The Rise of Voluntary Exposure & Algorithmic Influence
Recommendation engines now guide over 75% of what we watch and 35% of what we buy. But they aren’t just recommending anymore, they’re influencing our decisions, slowly and subtly.
These systems don’t understand preferences or needs; they are fueled by engagements. What you do online is what you are. And when profits are tied to the watch time, the algorithms can’t differentiate between what interests you and what harms you.
A sex addict pausing on adult content is logged as a niche. A compulsive buyer, stopping for a quick look at a pair of shoes, gets bombarded with shoe ads for the next 10 days. TikTok reportedly learns your preferences within 40 minutes.
For instance, Instagram’s own research revealed it made 40% of teenage girls feel worse about their bodies, yet Insta still pushed the same content. The model doesn’t care. It’s not ethical. It’s statistical.
Are Phones Listening? Ambient Data & Ethical Boundaries
Smart devices, phones, TVs, and speakers all have embedded microphones that constantly scan for trigger phrases. But research from Northeastern University (2019) and many other studies suggest these devices may capture short audio bursts even without intentional activation. Once collected, this “ambient data” can include private conversations, background noise, and emotional tone, often stored, analysed, and fed into machine learning pipelines.

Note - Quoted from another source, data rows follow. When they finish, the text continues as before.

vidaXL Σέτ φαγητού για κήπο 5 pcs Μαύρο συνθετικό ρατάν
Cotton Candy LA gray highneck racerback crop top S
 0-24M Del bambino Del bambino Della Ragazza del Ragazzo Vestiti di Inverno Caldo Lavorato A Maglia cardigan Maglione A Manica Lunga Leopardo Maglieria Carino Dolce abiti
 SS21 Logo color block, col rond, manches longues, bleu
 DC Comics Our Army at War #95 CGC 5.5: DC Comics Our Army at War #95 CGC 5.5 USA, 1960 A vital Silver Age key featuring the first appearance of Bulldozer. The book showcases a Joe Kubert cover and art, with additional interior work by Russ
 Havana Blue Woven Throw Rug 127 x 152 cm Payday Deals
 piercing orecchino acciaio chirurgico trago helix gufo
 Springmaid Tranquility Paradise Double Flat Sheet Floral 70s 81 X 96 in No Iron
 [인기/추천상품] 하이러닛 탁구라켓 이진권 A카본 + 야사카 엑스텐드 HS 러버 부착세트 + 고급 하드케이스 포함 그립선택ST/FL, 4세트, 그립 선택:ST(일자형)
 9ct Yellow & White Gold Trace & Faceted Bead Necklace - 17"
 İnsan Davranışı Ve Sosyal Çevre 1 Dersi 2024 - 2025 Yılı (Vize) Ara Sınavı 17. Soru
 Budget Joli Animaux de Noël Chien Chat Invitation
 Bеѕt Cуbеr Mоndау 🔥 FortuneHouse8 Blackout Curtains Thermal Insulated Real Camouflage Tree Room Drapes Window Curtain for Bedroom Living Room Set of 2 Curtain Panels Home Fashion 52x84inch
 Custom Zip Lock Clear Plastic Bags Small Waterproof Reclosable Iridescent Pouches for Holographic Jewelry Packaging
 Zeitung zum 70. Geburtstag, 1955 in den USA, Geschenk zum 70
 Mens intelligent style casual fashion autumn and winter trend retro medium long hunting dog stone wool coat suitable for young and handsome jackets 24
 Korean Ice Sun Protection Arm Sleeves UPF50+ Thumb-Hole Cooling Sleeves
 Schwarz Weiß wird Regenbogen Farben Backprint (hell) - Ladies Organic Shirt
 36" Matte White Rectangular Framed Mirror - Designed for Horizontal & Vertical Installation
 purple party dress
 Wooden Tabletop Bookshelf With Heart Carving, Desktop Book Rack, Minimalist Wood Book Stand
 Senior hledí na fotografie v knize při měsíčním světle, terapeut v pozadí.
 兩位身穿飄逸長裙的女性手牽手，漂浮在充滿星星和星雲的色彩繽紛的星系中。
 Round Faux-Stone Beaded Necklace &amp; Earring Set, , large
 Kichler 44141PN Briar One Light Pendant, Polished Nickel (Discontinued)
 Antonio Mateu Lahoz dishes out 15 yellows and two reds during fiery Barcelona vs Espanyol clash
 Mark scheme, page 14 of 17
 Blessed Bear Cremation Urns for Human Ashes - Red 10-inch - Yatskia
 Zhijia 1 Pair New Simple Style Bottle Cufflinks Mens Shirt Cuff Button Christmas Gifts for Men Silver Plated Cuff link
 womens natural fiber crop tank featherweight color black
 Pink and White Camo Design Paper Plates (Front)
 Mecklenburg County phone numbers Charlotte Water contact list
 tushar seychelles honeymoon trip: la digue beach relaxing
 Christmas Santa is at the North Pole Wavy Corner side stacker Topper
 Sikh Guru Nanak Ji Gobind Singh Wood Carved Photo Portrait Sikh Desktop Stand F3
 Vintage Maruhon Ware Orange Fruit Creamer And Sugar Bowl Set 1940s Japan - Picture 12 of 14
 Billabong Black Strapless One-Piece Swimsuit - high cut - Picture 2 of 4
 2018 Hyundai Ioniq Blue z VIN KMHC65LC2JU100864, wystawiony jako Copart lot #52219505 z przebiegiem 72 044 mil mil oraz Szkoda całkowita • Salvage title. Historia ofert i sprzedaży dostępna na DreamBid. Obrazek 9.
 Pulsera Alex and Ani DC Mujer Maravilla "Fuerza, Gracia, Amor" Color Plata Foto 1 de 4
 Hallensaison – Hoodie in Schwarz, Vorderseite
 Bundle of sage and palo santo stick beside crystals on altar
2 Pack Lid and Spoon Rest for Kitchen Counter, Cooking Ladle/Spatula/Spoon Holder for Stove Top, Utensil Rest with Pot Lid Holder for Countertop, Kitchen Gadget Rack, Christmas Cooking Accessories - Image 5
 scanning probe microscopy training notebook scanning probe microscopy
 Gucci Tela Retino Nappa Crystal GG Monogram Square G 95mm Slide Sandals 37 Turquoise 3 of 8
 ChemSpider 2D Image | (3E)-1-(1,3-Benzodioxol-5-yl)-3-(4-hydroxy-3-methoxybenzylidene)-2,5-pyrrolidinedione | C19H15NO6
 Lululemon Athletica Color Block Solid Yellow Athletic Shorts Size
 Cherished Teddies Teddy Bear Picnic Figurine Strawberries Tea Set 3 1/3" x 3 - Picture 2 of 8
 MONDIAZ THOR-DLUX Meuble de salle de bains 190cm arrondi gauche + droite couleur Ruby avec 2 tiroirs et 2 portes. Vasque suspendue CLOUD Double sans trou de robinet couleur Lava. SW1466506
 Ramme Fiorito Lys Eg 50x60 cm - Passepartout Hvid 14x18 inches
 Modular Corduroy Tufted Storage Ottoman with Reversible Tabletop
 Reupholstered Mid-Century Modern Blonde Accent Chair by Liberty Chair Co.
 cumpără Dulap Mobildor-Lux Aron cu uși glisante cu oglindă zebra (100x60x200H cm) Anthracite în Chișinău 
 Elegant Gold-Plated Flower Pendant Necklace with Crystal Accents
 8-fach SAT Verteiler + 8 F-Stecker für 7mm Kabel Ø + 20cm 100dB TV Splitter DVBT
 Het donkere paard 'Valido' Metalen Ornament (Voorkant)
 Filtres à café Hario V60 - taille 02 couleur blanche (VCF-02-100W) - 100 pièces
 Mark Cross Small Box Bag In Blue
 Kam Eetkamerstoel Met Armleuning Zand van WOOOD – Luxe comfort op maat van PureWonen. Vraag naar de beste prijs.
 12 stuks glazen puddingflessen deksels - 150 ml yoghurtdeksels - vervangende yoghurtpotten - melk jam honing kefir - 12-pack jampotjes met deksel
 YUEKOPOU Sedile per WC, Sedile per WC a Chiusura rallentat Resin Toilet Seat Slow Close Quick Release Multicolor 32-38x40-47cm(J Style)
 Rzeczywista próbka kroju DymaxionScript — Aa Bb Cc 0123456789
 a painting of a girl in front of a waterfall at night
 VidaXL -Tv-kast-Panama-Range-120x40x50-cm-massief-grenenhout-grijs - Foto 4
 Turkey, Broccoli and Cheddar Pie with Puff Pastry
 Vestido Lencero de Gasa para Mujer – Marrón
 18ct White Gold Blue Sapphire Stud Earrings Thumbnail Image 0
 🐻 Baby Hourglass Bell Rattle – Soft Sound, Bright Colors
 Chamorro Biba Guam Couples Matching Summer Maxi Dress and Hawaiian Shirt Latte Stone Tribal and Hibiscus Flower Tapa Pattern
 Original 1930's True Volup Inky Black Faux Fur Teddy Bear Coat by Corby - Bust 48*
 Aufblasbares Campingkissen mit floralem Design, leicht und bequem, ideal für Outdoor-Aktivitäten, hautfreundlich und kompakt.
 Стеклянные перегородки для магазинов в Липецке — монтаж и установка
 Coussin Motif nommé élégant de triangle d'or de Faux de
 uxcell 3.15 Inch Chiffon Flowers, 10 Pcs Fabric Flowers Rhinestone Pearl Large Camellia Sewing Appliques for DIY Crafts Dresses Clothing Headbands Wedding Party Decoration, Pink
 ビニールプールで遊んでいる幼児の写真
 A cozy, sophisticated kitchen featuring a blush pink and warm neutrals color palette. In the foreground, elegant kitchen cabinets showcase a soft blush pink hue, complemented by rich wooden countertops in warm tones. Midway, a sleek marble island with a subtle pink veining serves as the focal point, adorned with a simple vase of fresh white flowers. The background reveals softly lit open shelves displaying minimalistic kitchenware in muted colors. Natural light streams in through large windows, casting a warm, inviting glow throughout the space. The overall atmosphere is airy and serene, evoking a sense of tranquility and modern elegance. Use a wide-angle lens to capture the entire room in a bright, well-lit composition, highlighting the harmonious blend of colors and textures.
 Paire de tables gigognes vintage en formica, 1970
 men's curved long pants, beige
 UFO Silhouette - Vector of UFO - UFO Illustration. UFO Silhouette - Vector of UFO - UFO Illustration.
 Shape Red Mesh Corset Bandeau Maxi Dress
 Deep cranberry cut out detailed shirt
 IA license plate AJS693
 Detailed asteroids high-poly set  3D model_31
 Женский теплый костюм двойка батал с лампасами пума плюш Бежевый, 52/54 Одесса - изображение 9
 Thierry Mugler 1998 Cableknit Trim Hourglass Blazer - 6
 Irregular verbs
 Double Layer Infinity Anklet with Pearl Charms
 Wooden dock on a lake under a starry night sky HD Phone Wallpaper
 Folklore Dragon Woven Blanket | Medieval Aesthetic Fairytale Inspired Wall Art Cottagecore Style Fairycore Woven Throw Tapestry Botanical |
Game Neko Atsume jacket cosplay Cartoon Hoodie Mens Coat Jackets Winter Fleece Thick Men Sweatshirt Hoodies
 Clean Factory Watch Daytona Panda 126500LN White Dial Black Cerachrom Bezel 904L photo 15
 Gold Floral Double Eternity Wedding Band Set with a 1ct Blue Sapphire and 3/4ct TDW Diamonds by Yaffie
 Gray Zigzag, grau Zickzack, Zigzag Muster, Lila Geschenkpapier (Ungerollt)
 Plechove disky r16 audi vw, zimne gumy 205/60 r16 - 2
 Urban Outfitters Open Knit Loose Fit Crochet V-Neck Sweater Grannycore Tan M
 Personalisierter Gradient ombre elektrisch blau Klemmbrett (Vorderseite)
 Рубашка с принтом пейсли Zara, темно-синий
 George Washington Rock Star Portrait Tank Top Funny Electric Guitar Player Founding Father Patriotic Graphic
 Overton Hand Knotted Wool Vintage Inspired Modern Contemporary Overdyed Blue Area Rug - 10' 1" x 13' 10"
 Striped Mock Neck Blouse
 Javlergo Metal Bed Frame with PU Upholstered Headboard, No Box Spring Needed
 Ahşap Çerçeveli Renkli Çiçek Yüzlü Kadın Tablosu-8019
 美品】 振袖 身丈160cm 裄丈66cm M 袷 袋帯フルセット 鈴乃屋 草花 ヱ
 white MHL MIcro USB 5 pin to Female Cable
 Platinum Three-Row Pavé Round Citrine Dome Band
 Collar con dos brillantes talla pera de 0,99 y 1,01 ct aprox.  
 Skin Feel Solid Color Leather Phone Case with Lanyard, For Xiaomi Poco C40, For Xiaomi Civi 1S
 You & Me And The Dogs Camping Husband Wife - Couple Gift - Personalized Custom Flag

As per a Business Insider report, the global voice assistant market is worth $33.47 billion and is expected to hit $104.37 billion by 2032. Ambient voice data is especially valuable: it reveals spontaneity, urgency, and intent better than typed queries.
Even when anonymised, data can be re-identified. A 2021 study published on Computing.UK showed 99.98% of anonymised datasets can be traced back with just a few cross-referenced data points.
Legal protections vary. GDPR offers consent-based safeguards in the EU, but in the U.S., laws lag behind. No federal regulation fully addresses passive voice data collection.
The microphones are live. And yes, you have likely opted into the terms to agree to this. But what about the people who come over to your house for dinner? Have they agreed to be listened to by your tech? This is one of the biggest issues when it comes to tech ethical concerns. It isn’t possible to distinguish who’s being listened to.
The Myth of Ethical Objectivity in Data
Data isn’t neutral; it’s curated. As Nietzsche said, “There are no facts, only interpretations.” Every dataset reflects choices: what’s included, what’s ignored, and whose perspective drives the selection. These choices shape systems that feel objective but aren’t.
In the U.S., a 2016 ProPublica study found that a commercial crime risk algorithm was nearly twice as likely to falsely label Black defendants as high-risk compared to white ones. The model wasn’t broken; it was trained on biased historical data. That’s not just technical oversight. It’s systemic replication.
Roughly 85% of AI research datasets come from North America and Western Europe. This skews global AI development toward Western norms, values, and social assumptions. It’s a subtle but powerful form of digital colonisation, biased by omission.
Ethical data work demands more than fairness checklists. It means interrogating data provenance, purpose, and power. Ignoring context doesn’t neutralise bias, it just hides it. Objectivity, in practice, often becomes the aesthetic of a dominant worldview.
Striving for Ethical Data Use in a Complex Reality
Perfect systems don’t exist. But better ones do. Companies can take steps to improve how they handle data. That includes regular checks for bias. Clear consent forms. Faster response times for data requests. Local teams to shape local solutions. Stronger rights for users to delete or move their data, and partnering up with Enablis to build a secure environment to ensure effective and secure usage of data and AI in your business.
None of this is easy. But it is necessary. Because every step towards transparency is a step towards trust and the resolution of current ethical issues in information technology today.